Eva wears the same clothes to work day after day and has no umbrella to shield herself or the cardboard inserts in her shoes from wilting under several days of pounding rain. Close-ups of Eva’s worn shoes are juxtaposed with her daydreams of wearing the shoes of her dreams. A group of well-to-do ladies walk past Eva as she is taking her lunch in a nearby park, and her POV shot focuses not on their dresses or hats but rather on their shoes.

The performances in the film are generally good, though most of the players work in the broad style common in silent movies. Mong leers, Arnold broadly flirts and overemphasizes the new watch she has on after a night with Charlie, and Witting’s grief over Eva’s fallen status is overdone. Griffith, however, seems very comfortable as an oblivious idler who takes his privileges for granted, reading at the dinner table and spending whatever he wants on a new book.

Weber rightly focuses the film on Mary MacLaren, whose heartfelt performance made this an incredibly moving experience for me.
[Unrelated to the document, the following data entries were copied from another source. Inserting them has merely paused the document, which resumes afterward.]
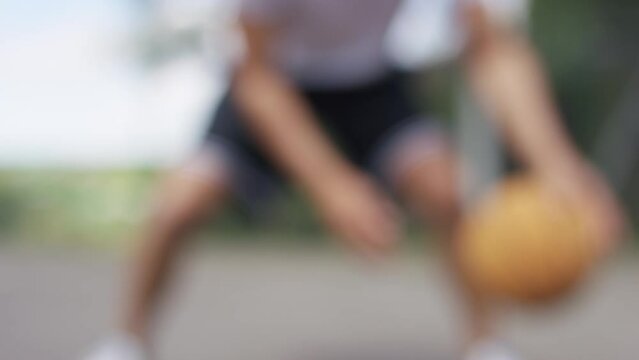 Blurred background of person dribbling a basketball with skill, in slow motion - great for foreground text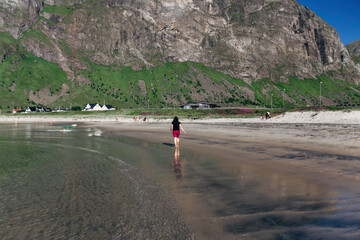 Woman walking on a beach, in Northern Norway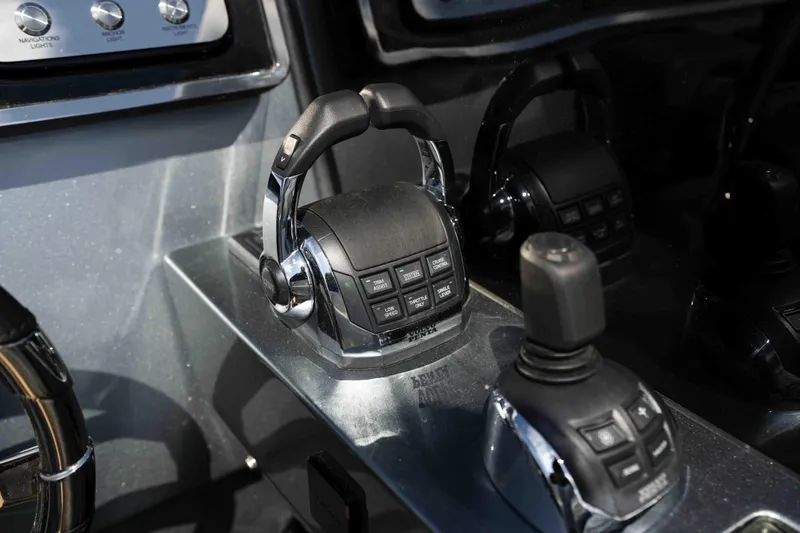  Yacht Photos Pics Control panel of a 2022 Riva Dolceriva yacht, featuring modern throttle and joystick controls.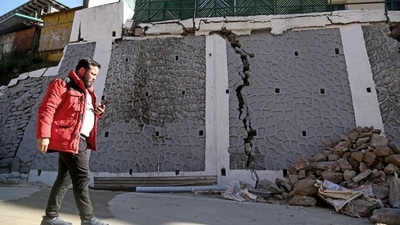 A passerby looks at the rubble of a wall that got damaged due to continuous land subsidence, in Joshimath on Sunday. (ANI) A passerby looks at the rubble of a wall that got damaged due to continuous land subsidence, in Joshimath on Sunday. (ANI)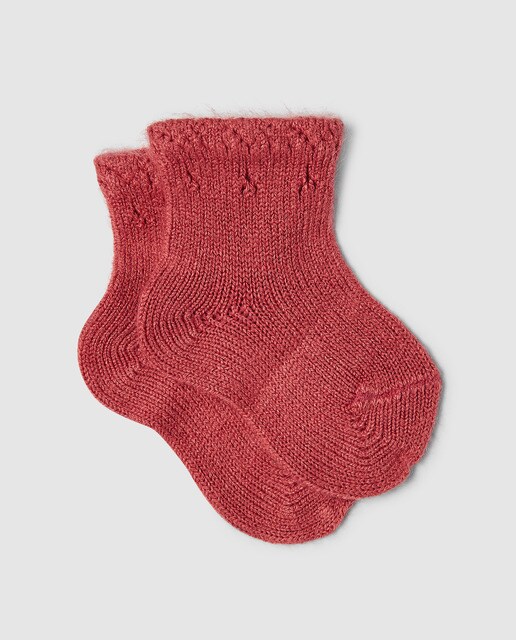 Calcetín calado de bebé Condor en fresa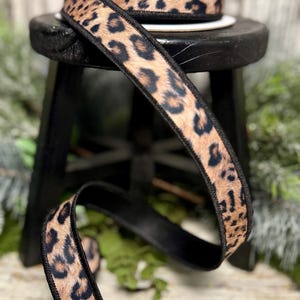 May include: A roll of leopard print ribbon with a black border sits on a small black stool. A length of the ribbon is unrolled, showing the tan and black animal print. The ribbon is likely used for crafting or gift wrapping.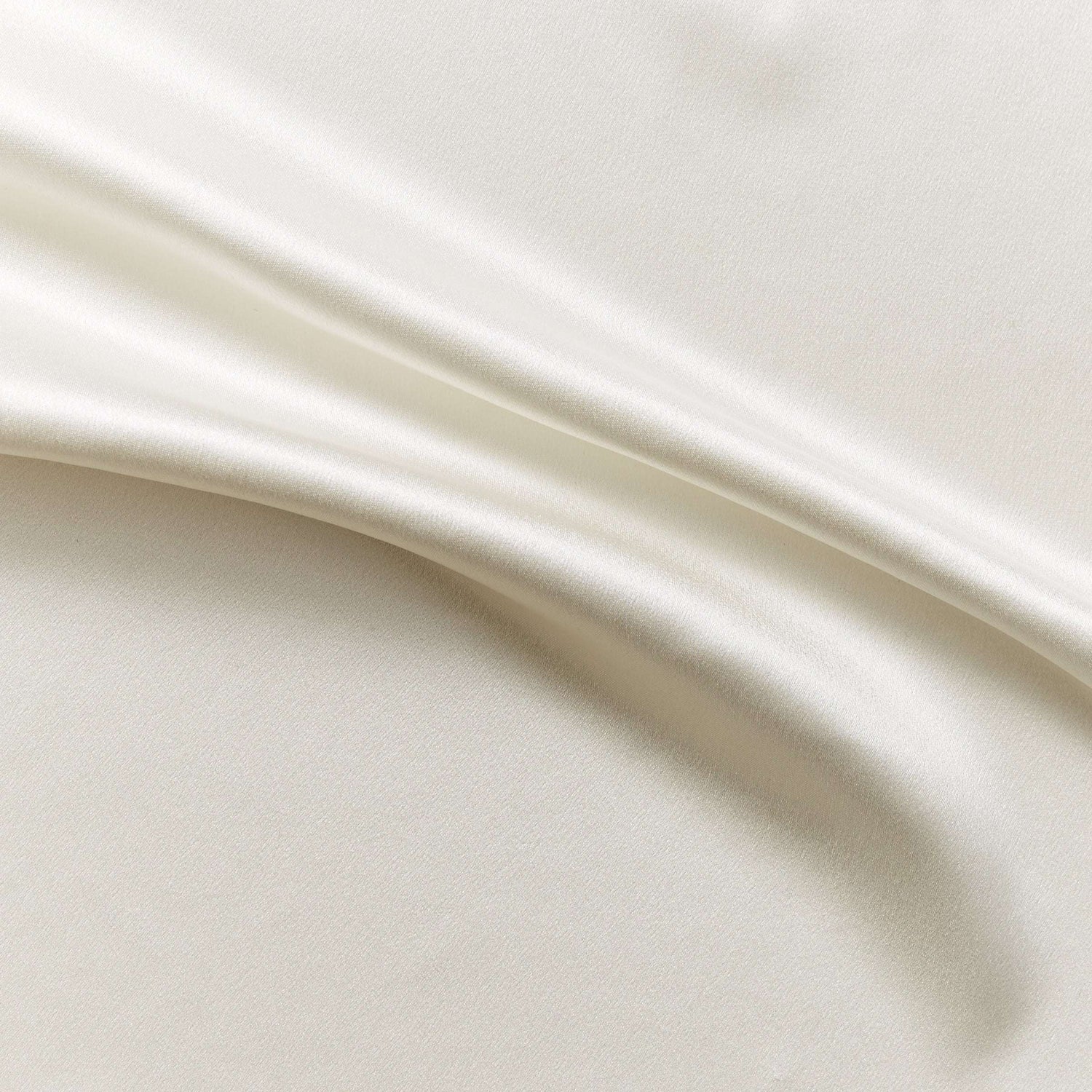 Eternity exhibiting the natural color version of a heavy weight pure mulberry silk satin with fluid drape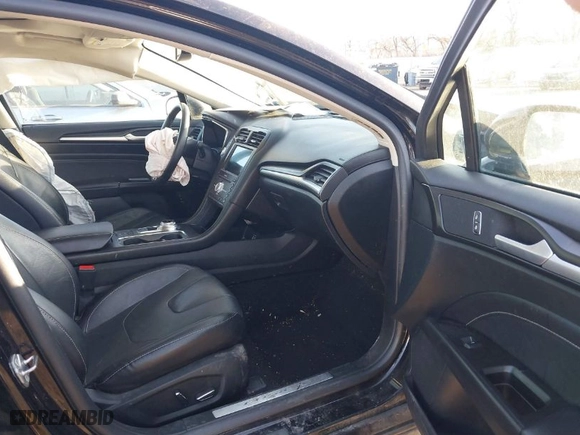 2020 Ford Fusion Hybrid Titanium with VIN 3FA6P0RU9LR141476, listed as a IAAI auction lot 41472921 with 84,433 mi miles. Bid and sale history available at carsss.com. Image 5.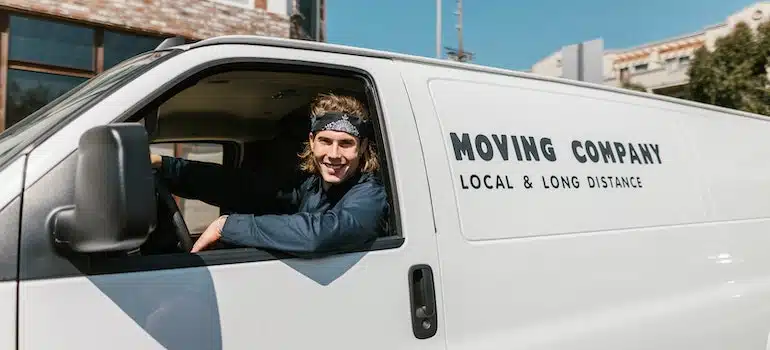 movers sitting in a moving truck and smiling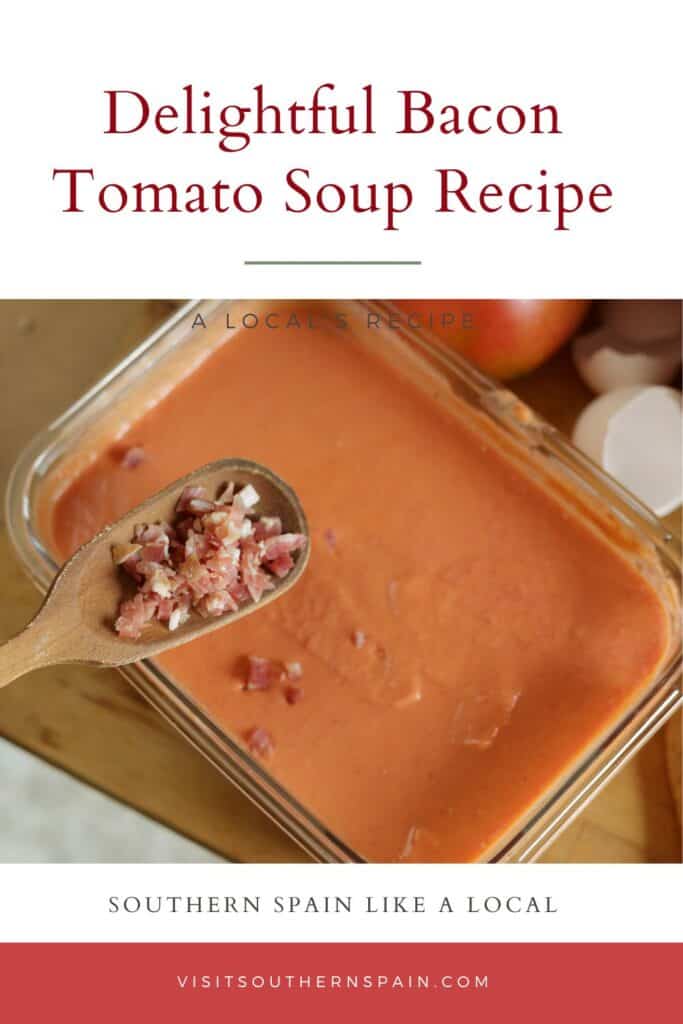 a pin with a glass bowl of Bacon Tomato Soup with a spoon of bacon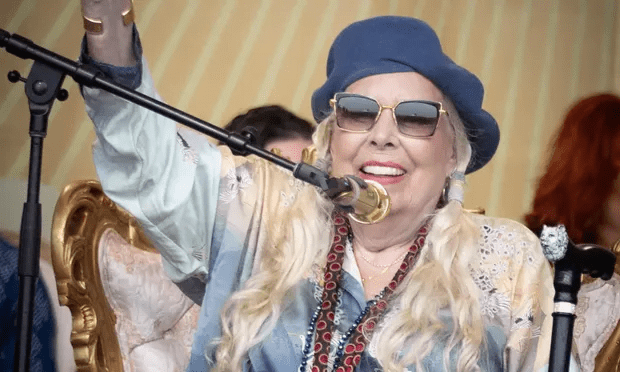 Joni Jam … Mitchell performing at the Newport folk festival on Sunday. Photograph: Douglas Mason/Getty Images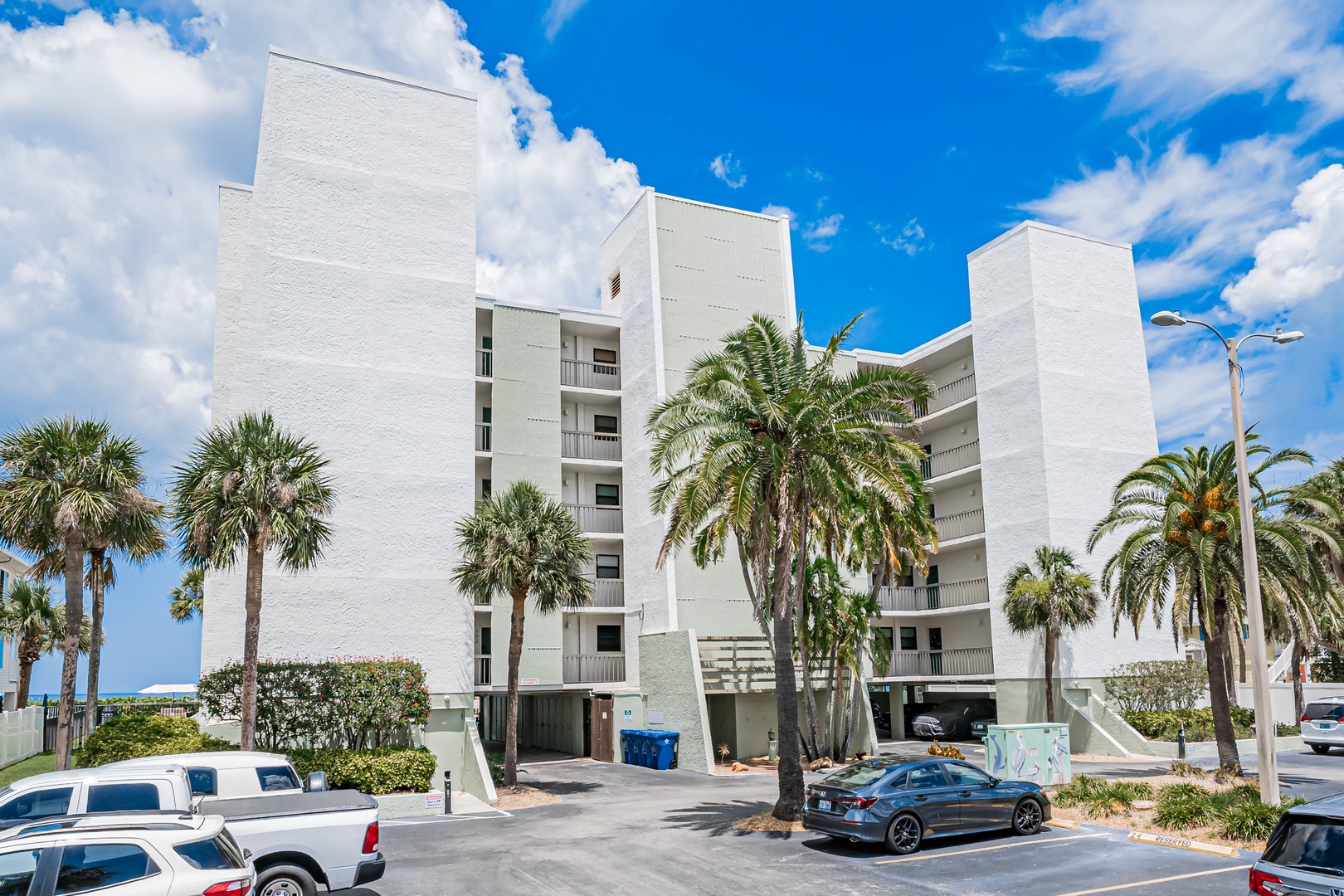 A modern white multi-story building featuring private balconies and tropical palms, with convenient parking and coastal access nearby.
Her wonderfully sad face and natural acting style make it easy to identify with her and her emotions. When Eva passes by her parents’ bedroom and sees her father reading with pillows propping him up against the footboard, her look of contempt reaches us right through the screen; even when she’s not looking at him, her poor regard for him oozes out of every scene in which they appear together. While Mrs. Meyer gently prods her husband to look for work, Eva has already given him up as a lost cause.
Her attempts to avoid Charlie’s advances eschew the usual head shaking and extended back bends most movie damsels in distress employ. Instead, she leans slightly away, walks away, looks down—in other words, she does what most women would do. Even while internally disgusted, she allows Charlie to touch her in the cabaret without looking at him, but also without cringing or pulling away.

Her finest moment comes when she tires of trying to mend her shoes and finally makes up her mind; we can almost see the switch thrown. There is no anguish on her face, just a settled determination. She changes into a sheer blouse, the only change of wardrobe we’ve seen, shimmies her skirt down to her hips to cover her shoes, shakes her braids out and brushes her hair into an upsweep. She tells her mother she’ll be overnight at Lil’s and needs carfare. She doesn’t blame her mother, but this small demand for money strikes us as ironic.

Weber was interested in showing what pushes women into prostitution, though she melodramatically underlines it with a deathly image of “Poverty.” The daily indignities, carelessness, and misery are bad enough, but Weber also shoots fantasies of what Eva dreamed her life would be like to underscore the death of those dreams as Eva surrenders to a grinding reality. Lest anyone think that the film takes a moralistic tone about sex, Eva’s mother cries over the loss of her daughter’s virginity in this degrading manner, but without any hint of condemnation; it truly is a wretched circumstance.

The EYE Film Institute in the Netherlands had the only known print of Shoes and completed a two-year digital restoration of it in 2010. The film was chosen for the National Film Registry of the Library of Congress in 2014. This year, Milestone Films will release a DVD of the film with a score by veteran silent film composers and musicians Donald Sosin and Mimi Rabson. The screencaps for Shoes in this review come from several sources, so I can’t swear for the veracity of the color screens, but I can assure you that this is a film well worth catching from a filmmaker you should know.

Shoes will screen Saturday, April 1 at 3:30 p.m. and Monday, April 3 at 6 p.m. as part of the “Lois Weber: Pioneer Progressive Filmmaker” series at the Gene Siskel Film Center, 164 N. State St., Chicago.